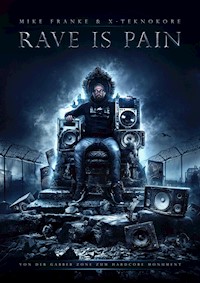 Rave is Pain - Mike Franke - E-Book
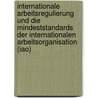 Internationale Arbeitsregulierung Und Die Mindeststandards Der Internationalen Arbeitsorganisation (Iao) by Kerstin Wittm Tz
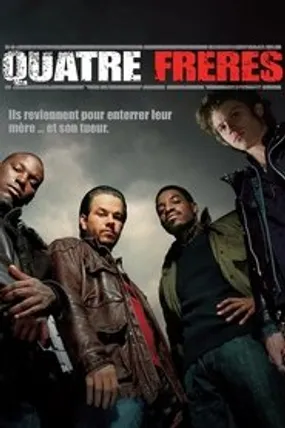 Affiche officielle du film Quatre frères (2005) en TrueFrench - HDLight - Regarder en streaming sur GauloisFlix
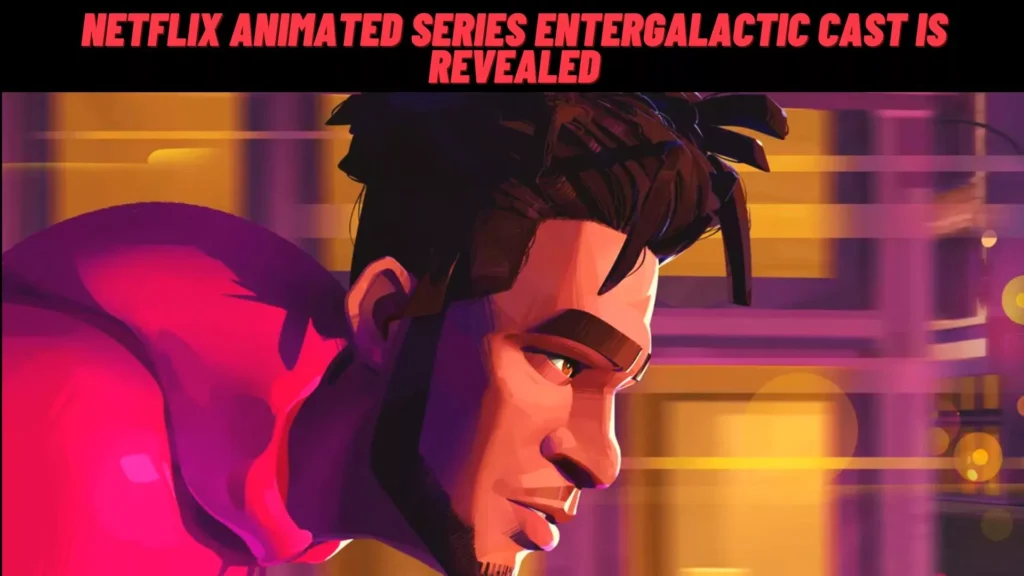 Netflix Animated Series Entergalactic Cast is revealed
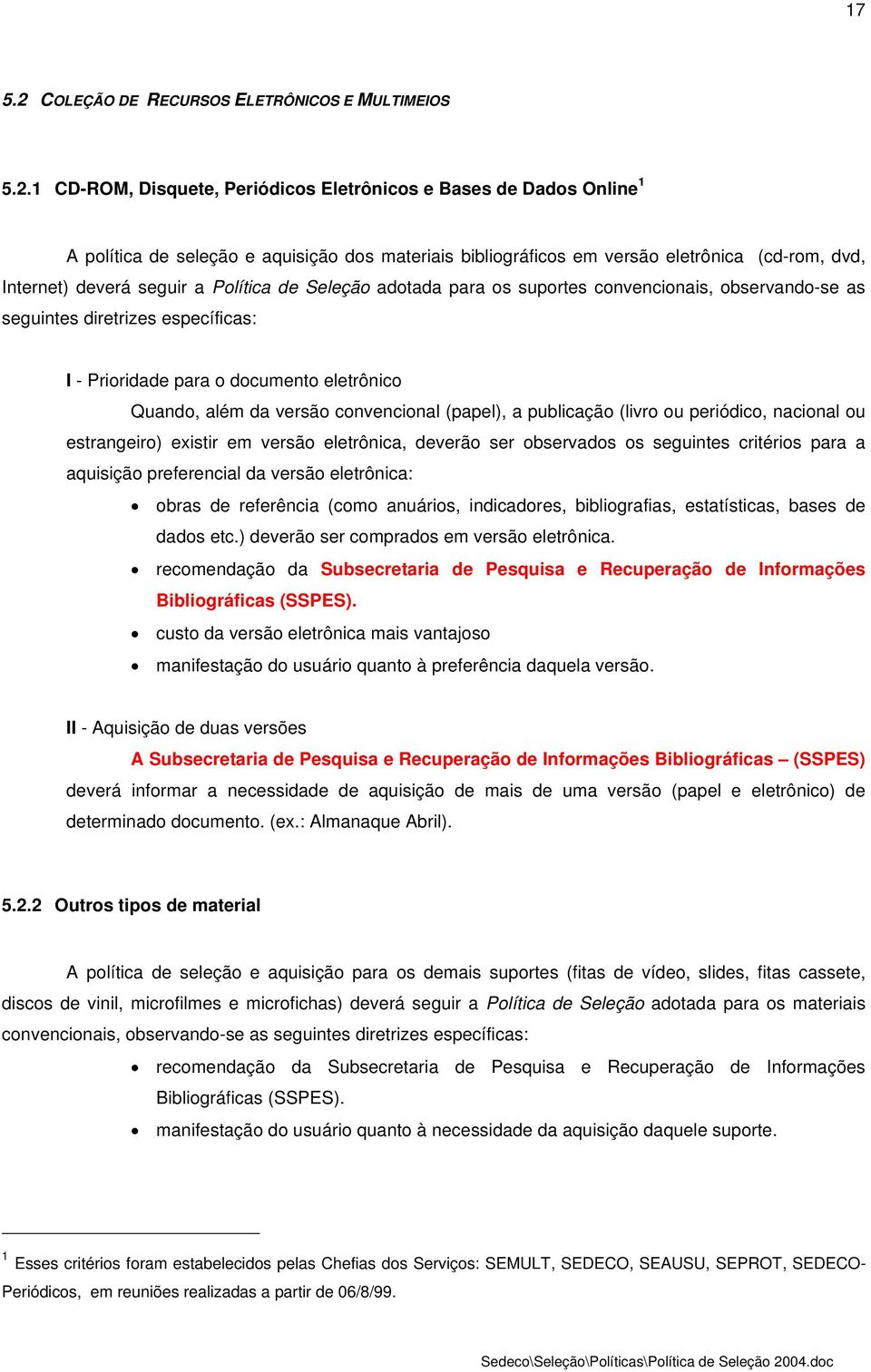 1 CD-ROM, Disquete, Periódicos Eletrônicos e Bases de Dados Online 1 A política de seleção e aquisição dos materiais bibliográficos em versão eletrônica (cd-rom, dvd, Internet) deverá seguir a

********

WHAT YOU ARE ASKED TO DO >>
Starting at the line that contains "Netflix Animated Series", write out exactly each line through the last one in the listing above, leaving out the pictures and adding nothing else.

FINISHED EXERCISE >>
 Netflix Animated Series Entergalactic Cast is revealed
 1 CD-ROM, Disquete, Periódicos Eletrônicos e Bases de Dados Online 1 A política de seleção e aquisição dos materiais bibliográficos em versão eletrônica (cd-rom, dvd, Internet) deverá seguir a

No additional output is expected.